I discovered that there is a web page for each state listing the top 25-100 beers, from which I could grab links to the individual beer pages. I then discovered a web page that listed all the different states, from which I could scrape the state page urls.
So with only a few lines of code, I was able to compile a list of 3,824 beer pages and then scrape the requisite attributes.
Feature engineering: It’s all about the brewery
Despite having acquired a lot of data, most of the variables I had were strings and therefore couldn’t be used in a linear regression without some transformation. This turned out to be blessing not a curse as it challenged me to be creative with my features and dive head first into feature engineering.
One of the main thing I was curious about was how important brewery is for beer ratings. Did users tend to care whether this was a stout with notes of chocolate? Or just that it was from Russian River?
To start, I created a variable to proxy brewery size by counting up the number of beers for each brewery in the dataset. This variable turned out to be helpful but not critical in predictions.
I also created a variable to proxy how good beers tended to be from the brewery. Rather than taking the simple average of all the beers at the brewery, for each beer I averaged the rating of all other beers from that brewery. This was critical to avoid data leakage (having target data leak into the features).
Models: The simpler the better
The best model proved to be a random forest though linear regression did surprisingly well. The fact that linear regression did so well (R-squared of 0.69) makes sense given that the data show people tend to like beers with more alcohol (higher ABV content) and they give higher ratings to more recent beers. More importantly, the average rating of other beers at the brewery seems to be linearly related to the rating of a new beer by that same brewery (see scatterplot below). In short, the brewery is key.

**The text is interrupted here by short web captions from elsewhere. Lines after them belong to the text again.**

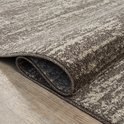 Bruin rond vloerkleed met abstract patroon. De rand is afgewerkt met een donkerbruin feston.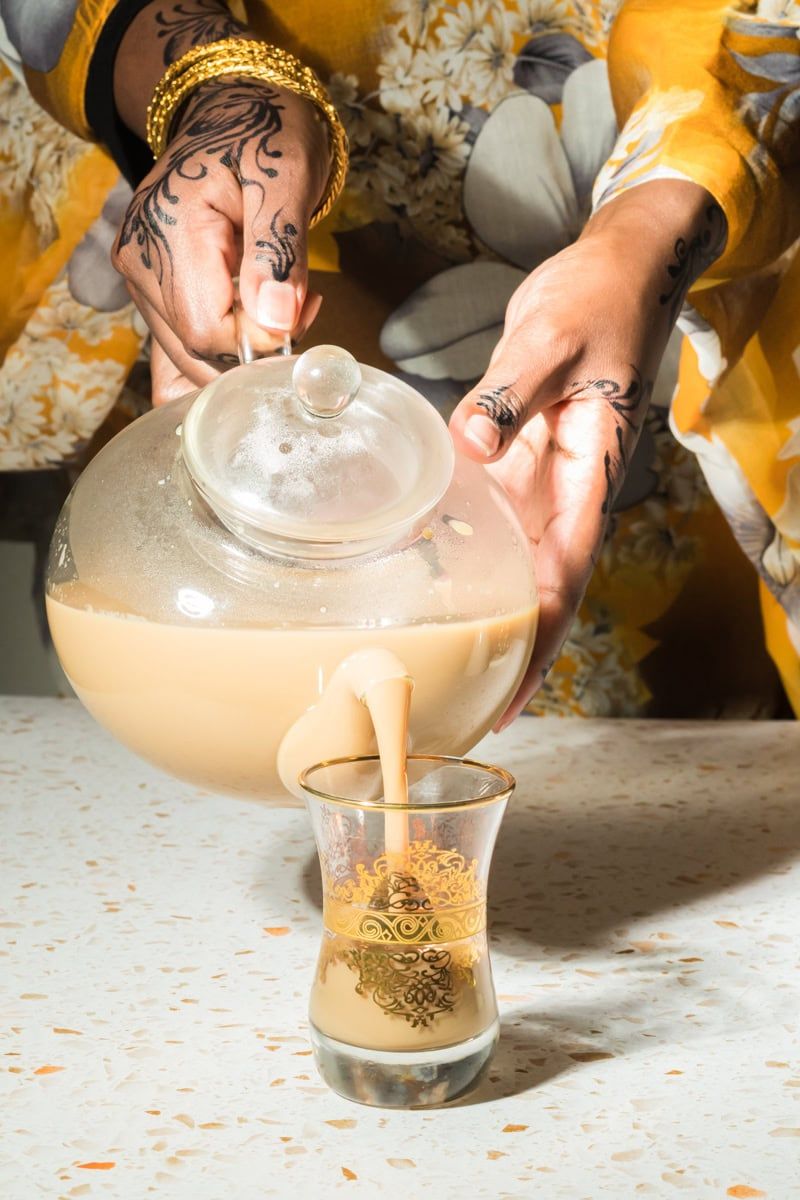 Light and airy Somali tea being poured into glass cup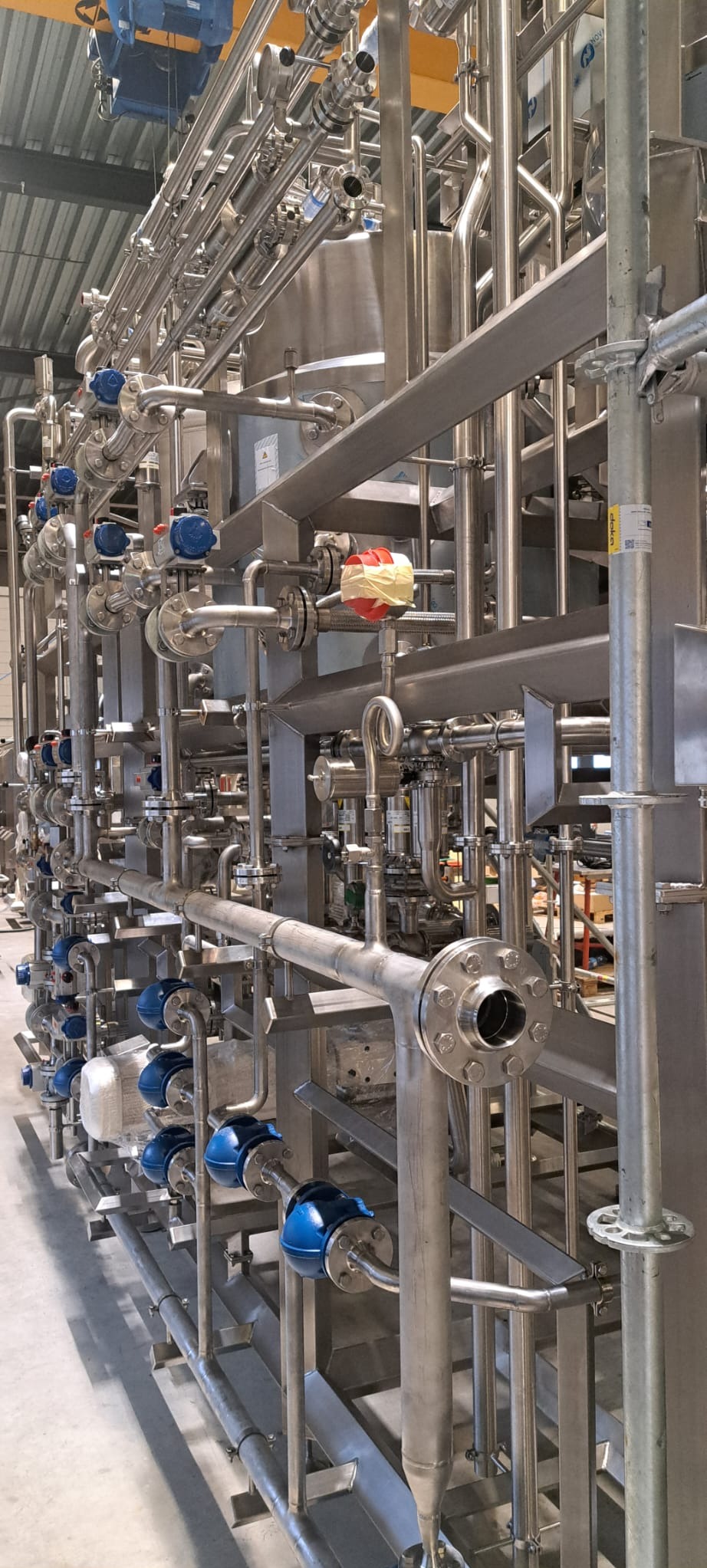 Kompleksowa instalacja przemysłowa z rur ze stali nierdzewnej, z licznymi zaworami i elementami łączeniowymi, w hali produkcyjnej.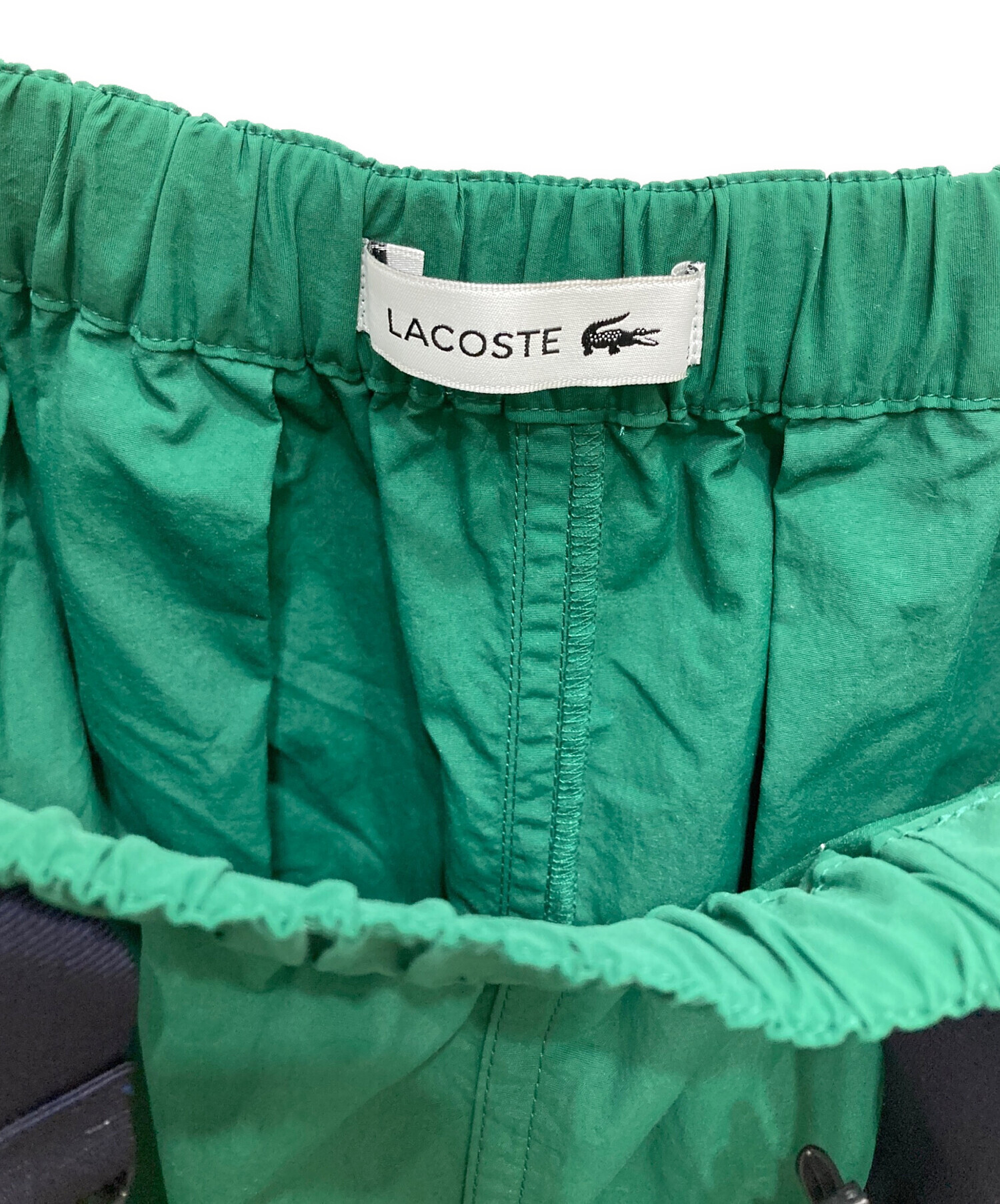 中古・古着通販】LACOSTE (ラコステ) 撥水ナイロンマキシフレアスカート グリーン サイズ:M｜ブランド・古着通販 トレファク公式【TREFAC  FASHION】スマホサイト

I experimented with two different style taxonomy classifications but neither seemed to matter. The inclusion of 50 state dummies didn’t improve predictions either.
A surprisingly simple model did quite well. With only five variables, my random forest model had an R-squared around 0.73.
- Brewery rating
- Zip code
- Year released
- Brewery size proxy
Location, location, location
While state dummies did not add predictive power to the model, I scraped zip code data to see if more local location data mattered. Maybe it didn’t help to know a beer was from a brewery in California, but maybe it would help to know if it was a San Francisco brewery versus a San Diego one.
The map below shoes the average rating of beers at breweries across the United States. Coastal breweries seem to have higher rated beers. See for example, the dark blue dots in the Northeast, California, and Oregon, among others places.
It would be interesting to add in city population data by zip code to see if breweries in larger cities tend to produce higher rated beer. If this relationship holds, it may be the case that there’s more competition among breweries in larger cities which tends to lead to higher quality beers. Or top brewers choose to be near each other to maximize learning. It’s important to note that beer is often shipped regionally or nationwide and so the people rating a San Francisco brewery need not live in San Francisco (i.e. higher city ratings are unlikely to be a result of selection bias).
In the future, I I look forward to creating an interactive map with d3 to further explore patterns.